Le terme de « déicide » est attesté à partir du XVIIe siècle en tant que substantif, tantôt pour qualifier le meurtre imputé au peuple juif, par exemple chez Bossuet (« le plus grand de tous les crimes : crime jusqu'alors inouï, c'est-à-dire le déicide, qui aussi a donné lieu à une vengeance dont le monde n'avait vu encore aucun exemple[24] ») ou chez Lamennais (« Depuis le déicide des Juifs, jamais crime plus énorme n'avait été commis[25] »), tantôt à titre d'épithète pour désigner les Juifs, comme dans les Harmonies de Lamartine : « Serions-nous donc pareils au peuple déicide, Qui (…), Du sang de son sauveur teignit Jérusalem[26],[27] ? » Il continue à être utilisé par de multiples textes antisémites, notamment la presse catholique de combat comme La Croix avant et pendant l'affaire Dreyfus.
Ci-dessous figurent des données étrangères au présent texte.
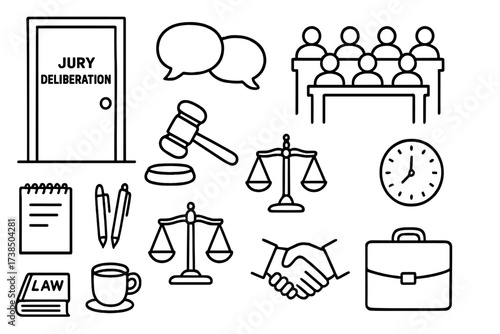 Jury Deliberation Doodles. Hand-drawn doodle illustration jury deliberation process closed door, jury box, judge?s gavel, notepad, pens, legal papers, scales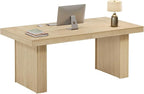 Tribesigns 63" Executive Desk, Modern Executive Office Desk with Thickened Desktop and Heavy-Duty Legs, Wood Writing Workstation Study Table Conference Table for Office, Natural
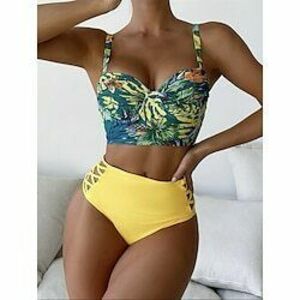 Női Fürdőruha Bikini 2 darab Merész Fürdőruha Nyitott hátú Vékony Szabadság Strandruházat Grafika V-alakú Ujjatlan Fürdőruhák Lightinthebox kép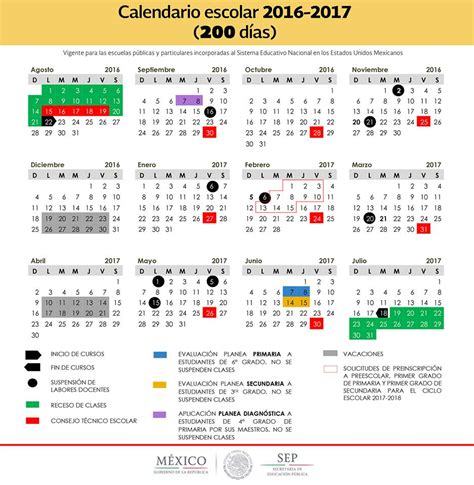 Calendario Escolar Sep 2016 2017 Uno De 200 Días Y Otro De 185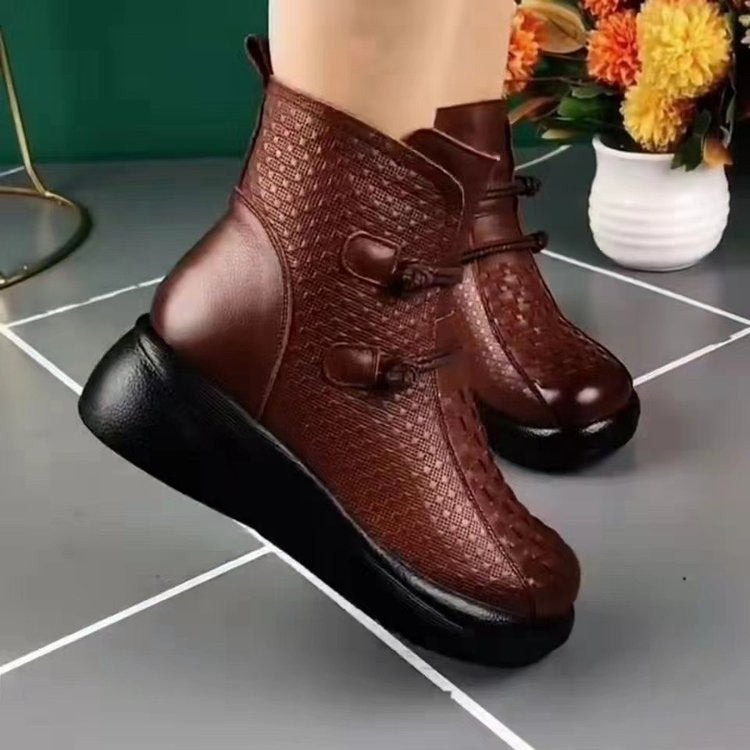 Women's Fleece-Lined Mid-Calf Wedge Boots - Round Toe Side Zipper Winter Boots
À l'origine de la prise de conscience par les chrétiens que le « peuple déicide » est un mythe dangereux, il y eut l'historien juif Jules Isaac et ses dix-huit propositions[28] faites après la Shoah durant laquelle plusieurs de ses proches périrent. Sa grande préoccupation, qu'il partagea avec le pape Jean XXIII à Rome, était de faire comprendre aux chrétiens qu'il n'est pas « juste » d'attribuer la mort de Jésus au « peuple juif » qui, dans sa grande majorité, a écouté Jésus de Nazareth jusqu'au bout. Jules Isaac rédigea ces dix-huit propositions afin de préparer la conférence de Seelisberg en 1947, à laquelle participèrent des chrétiens des différentes Églises et qui donna notamment naissance aux AJCF (Amitiés judéo-chrétiennes de France). De ces propositions, on retiendra que « ce sont les grands-prêtres, représentants d'une étroite caste oligarchique, asservie à Rome et détestée du peuple » qui ont fait arrêter et condamner Jésus (n° 12) ; qu'ils l'ont fait « à l'insu du peuple et même par crainte du peuple » (n° 15), que « l'attitude des pharisiens et docteurs n'est, selon les textes, pas unanime [contre Jésus] » (n° 12) ; que « le peuple juif n'est pour rien dans le procès juif [...] et n'en a probablement rien su » (n° 16). S'agissant du procès et de la mise à mort de Jésus, (n° 17) Jules Isaac rappelle que la mise en croix était un supplice romain, avec, en particulier, l'épisode du couronnement d'épines par les soldats. La « foule » est décrite ameutée, ce qui n'a rien à voir avec le peuple juif d'alors, « dont les sentiments antiromains ne font pas de doute ». Enfin, la proposition n° 18 invite à ne pas oublier que le cri monstrueux « que son sang soit sur nous et sur nos enfants » ne saurait prévaloir contre la parole « Père, pardonnez-leur, car ils ne savent pas ce qu'ils font »[29]. Ces dix-huit propositions furent présentées lors de la Conférence de Seelisberg en 1947 pour discerner les causes religieuses de l'antisémitisme chrétien.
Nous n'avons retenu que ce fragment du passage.